(RECORDS FOR PROCESSING)

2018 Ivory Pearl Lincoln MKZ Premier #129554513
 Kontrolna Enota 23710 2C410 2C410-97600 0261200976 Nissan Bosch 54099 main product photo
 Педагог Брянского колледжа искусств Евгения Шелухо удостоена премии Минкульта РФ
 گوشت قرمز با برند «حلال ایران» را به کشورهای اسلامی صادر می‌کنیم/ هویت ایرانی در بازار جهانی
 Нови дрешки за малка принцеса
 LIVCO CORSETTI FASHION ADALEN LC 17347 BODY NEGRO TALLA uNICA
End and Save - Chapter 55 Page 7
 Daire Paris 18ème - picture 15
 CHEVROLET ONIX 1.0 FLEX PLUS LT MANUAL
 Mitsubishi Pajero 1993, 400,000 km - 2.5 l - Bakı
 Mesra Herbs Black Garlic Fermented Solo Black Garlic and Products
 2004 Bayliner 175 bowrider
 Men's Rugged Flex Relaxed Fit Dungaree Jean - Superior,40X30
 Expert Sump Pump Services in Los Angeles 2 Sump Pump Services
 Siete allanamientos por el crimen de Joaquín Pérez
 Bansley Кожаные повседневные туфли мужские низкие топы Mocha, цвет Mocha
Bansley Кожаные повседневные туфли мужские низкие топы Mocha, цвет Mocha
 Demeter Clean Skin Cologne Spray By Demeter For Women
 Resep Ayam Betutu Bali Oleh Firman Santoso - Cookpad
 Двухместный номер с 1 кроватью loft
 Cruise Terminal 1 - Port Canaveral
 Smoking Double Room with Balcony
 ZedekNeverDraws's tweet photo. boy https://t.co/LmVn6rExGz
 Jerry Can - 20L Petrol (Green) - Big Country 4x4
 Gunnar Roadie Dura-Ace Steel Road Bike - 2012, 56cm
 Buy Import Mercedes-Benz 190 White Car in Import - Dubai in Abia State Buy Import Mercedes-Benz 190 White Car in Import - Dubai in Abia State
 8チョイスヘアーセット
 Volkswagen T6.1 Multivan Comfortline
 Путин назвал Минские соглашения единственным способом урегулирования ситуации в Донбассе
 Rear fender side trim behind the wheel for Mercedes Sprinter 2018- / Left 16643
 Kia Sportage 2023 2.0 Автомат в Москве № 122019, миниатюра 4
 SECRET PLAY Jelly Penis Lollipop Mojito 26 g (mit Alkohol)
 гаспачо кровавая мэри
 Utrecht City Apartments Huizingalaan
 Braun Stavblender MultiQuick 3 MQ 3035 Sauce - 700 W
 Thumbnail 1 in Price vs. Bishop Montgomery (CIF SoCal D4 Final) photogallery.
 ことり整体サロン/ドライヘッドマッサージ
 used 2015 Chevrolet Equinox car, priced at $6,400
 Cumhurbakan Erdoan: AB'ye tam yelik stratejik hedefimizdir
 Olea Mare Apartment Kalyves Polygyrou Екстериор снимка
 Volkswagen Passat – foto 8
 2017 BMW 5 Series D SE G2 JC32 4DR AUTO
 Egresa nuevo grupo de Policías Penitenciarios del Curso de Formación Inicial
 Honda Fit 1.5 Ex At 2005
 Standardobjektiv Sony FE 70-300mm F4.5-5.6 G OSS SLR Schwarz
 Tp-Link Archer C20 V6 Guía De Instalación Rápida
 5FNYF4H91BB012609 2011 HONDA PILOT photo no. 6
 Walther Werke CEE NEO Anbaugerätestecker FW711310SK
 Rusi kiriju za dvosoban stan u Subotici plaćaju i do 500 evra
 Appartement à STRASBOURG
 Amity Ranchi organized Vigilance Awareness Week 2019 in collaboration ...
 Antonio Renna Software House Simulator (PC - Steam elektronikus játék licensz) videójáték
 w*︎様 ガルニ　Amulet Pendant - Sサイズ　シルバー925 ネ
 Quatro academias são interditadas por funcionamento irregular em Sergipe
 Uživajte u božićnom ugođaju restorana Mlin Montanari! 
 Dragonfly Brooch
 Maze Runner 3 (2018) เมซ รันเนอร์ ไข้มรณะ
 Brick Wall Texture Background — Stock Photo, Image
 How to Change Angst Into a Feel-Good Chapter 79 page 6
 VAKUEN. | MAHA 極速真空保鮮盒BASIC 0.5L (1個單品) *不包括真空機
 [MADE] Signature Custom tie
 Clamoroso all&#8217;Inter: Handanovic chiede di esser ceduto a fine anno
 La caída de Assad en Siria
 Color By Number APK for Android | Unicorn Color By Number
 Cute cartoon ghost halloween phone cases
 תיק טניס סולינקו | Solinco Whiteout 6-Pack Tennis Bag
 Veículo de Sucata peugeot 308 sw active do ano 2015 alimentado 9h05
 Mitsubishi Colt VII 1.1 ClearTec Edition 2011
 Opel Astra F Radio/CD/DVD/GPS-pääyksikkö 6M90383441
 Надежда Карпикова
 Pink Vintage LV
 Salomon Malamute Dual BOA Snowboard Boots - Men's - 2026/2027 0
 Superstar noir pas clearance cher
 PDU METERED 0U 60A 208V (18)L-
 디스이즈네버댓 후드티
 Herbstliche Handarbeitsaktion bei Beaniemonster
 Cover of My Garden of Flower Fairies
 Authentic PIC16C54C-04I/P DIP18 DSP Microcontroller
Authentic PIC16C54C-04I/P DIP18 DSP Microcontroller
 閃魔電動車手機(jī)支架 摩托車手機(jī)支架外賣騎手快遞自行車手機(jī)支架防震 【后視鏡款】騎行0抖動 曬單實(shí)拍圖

(End RECORDS FOR PROCESSING)

WHAT IS EXPECTED: Faithfully copy every entry, leaving nothing out.

COMPLETED EXERCISE:
2018 Ivory Pearl Lincoln MKZ Premier #129554513
 Kontrolna Enota 23710 2C410 2C410-97600 0261200976 Nissan Bosch 54099 main product photo
 Педагог Брянского колледжа искусств Евгения Шелухо удостоена премии Минкульта РФ
 گوشت قرمز با برند «حلال ایران» را به کشورهای اسلامی صادر می‌کنیم/ هویت ایرانی در بازار جهانی
 Нови дрешки за малка принцеса
 LIVCO CORSETTI FASHION ADALEN LC 17347 BODY NEGRO TALLA uNICA
End and Save - Chapter 55 Page 7
 Daire Paris 18ème - picture 15
 CHEVROLET ONIX 1.0 FLEX PLUS LT MANUAL
 Mitsubishi Pajero 1993, 400,000 km - 2.5 l - Bakı
 Mesra Herbs Black Garlic Fermented Solo Black Garlic and Products
 2004 Bayliner 175 bowrider
 Men's Rugged Flex Relaxed Fit Dungaree Jean - Superior,40X30
 Expert Sump Pump Services in Los Angeles 2 Sump Pump Services
 Siete allanamientos por el crimen de Joaquín Pérez
 Bansley Кожаные повседневные туфли мужские низкие топы Mocha, цвет Mocha
Bansley Кожаные повседневные туфли мужские низкие топы Mocha, цвет Mocha
 Demeter Clean Skin Cologne Spray By Demeter For Women
 Resep Ayam Betutu Bali Oleh Firman Santoso - Cookpad
 Двухместный номер с 1 кроватью loft
 Cruise Terminal 1 - Port Canaveral
 Smoking Double Room with Balcony
 ZedekNeverDraws's tweet photo. boy https://t.co/LmVn6rExGz
 Jerry Can - 20L Petrol (Green) - Big Country 4x4
 Gunnar Roadie Dura-Ace Steel Road Bike - 2012, 56cm
 Buy Import Mercedes-Benz 190 White Car in Import - Dubai in Abia State Buy Import Mercedes-Benz 190 White Car in Import - Dubai in Abia State
 8チョイスヘアーセット
 Volkswagen T6.1 Multivan Comfortline
 Путин назвал Минские соглашения единственным способом урегулирования ситуации в Донбассе
 Rear fender side trim behind the wheel for Mercedes Sprinter 2018- / Left 16643
 Kia Sportage 2023 2.0 Автомат в Москве № 122019, миниатюра 4
 SECRET PLAY Jelly Penis Lollipop Mojito 26 g (mit Alkohol)
 гаспачо кровавая мэри
 Utrecht City Apartments Huizingalaan
 Braun Stavblender MultiQuick 3 MQ 3035 Sauce - 700 W
 Thumbnail 1 in Price vs. Bishop Montgomery (CIF SoCal D4 Final) photogallery.
 ことり整体サロン/ドライヘッドマッサージ
 used 2015 Chevrolet Equinox car, priced at $6,400
 Cumhurbakan Erdoan: AB'ye tam yelik stratejik hedefimizdir
 Olea Mare Apartment Kalyves Polygyrou Екстериор снимка
 Volkswagen Passat – foto 8
 2017 BMW 5 Series D SE G2 JC32 4DR AUTO
 Egresa nuevo grupo de Policías Penitenciarios del Curso de Formación Inicial
 Honda Fit 1.5 Ex At 2005
 Standardobjektiv Sony FE 70-300mm F4.5-5.6 G OSS SLR Schwarz
 Tp-Link Archer C20 V6 Guía De Instalación Rápida
 5FNYF4H91BB012609 2011 HONDA PILOT photo no. 6
 Walther Werke CEE NEO Anbaugerätestecker FW711310SK
 Rusi kiriju za dvosoban stan u Subotici plaćaju i do 500 evra
 Appartement à STRASBOURG
 Amity Ranchi organized Vigilance Awareness Week 2019 in collaboration ...
 Antonio Renna Software House Simulator (PC - Steam elektronikus játék licensz) videójáték
 w*︎様 ガルニ　Amulet Pendant - Sサイズ　シルバー925 ネ
 Quatro academias são interditadas por funcionamento irregular em Sergipe
 Uživajte u božićnom ugođaju restorana Mlin Montanari! 
 Dragonfly Brooch
 Maze Runner 3 (2018) เมซ รันเนอร์ ไข้มรณะ
 Brick Wall Texture Background — Stock Photo, Image
 How to Change Angst Into a Feel-Good Chapter 79 page 6
 VAKUEN. | MAHA 極速真空保鮮盒BASIC 0.5L (1個單品) *不包括真空機
 [MADE] Signature Custom tie
 Clamoroso all&#8217;Inter: Handanovic chiede di esser ceduto a fine anno
 La caída de Assad en Siria
 Color By Number APK for Android | Unicorn Color By Number
 Cute cartoon ghost halloween phone cases
 תיק טניס סולינקו | Solinco Whiteout 6-Pack Tennis Bag
 Veículo de Sucata peugeot 308 sw active do ano 2015 alimentado 9h05
 Mitsubishi Colt VII 1.1 ClearTec Edition 2011
 Opel Astra F Radio/CD/DVD/GPS-pääyksikkö 6M90383441
 Надежда Карпикова
 Pink Vintage LV
 Salomon Malamute Dual BOA Snowboard Boots - Men's - 2026/2027 0
 Superstar noir pas clearance cher
 PDU METERED 0U 60A 208V (18)L-
 디스이즈네버댓 후드티
 Herbstliche Handarbeitsaktion bei Beaniemonster
 Cover of My Garden of Flower Fairies
 Authentic PIC16C54C-04I/P DIP18 DSP Microcontroller
Authentic PIC16C54C-04I/P DIP18 DSP Microcontroller
 閃魔電動車手機(jī)支架 摩托車手機(jī)支架外賣騎手快遞自行車手機(jī)支架防震 【后視鏡款】騎行0抖動 曬單實(shí)拍圖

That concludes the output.